_Task_
Your answer must contain each line of the listing in which "vintage" appears, copied in full.

_Material for this exercise_
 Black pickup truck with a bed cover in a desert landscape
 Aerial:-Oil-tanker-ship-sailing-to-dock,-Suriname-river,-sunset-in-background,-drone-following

---

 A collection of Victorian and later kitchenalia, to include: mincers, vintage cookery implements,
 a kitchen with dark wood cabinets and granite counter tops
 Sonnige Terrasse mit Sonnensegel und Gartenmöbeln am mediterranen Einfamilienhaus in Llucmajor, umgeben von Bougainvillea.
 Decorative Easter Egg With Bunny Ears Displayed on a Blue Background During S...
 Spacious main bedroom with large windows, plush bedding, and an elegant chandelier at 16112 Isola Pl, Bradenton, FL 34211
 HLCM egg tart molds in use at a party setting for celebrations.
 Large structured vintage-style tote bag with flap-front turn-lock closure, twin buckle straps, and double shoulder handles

_Answer below_
 A collection of Victorian and later kitchenalia, to include: mincers, vintage cookery implements,
 Large structured vintage-style tote bag with flap-front turn-lock closure, twin buckle straps, and double shoulder handles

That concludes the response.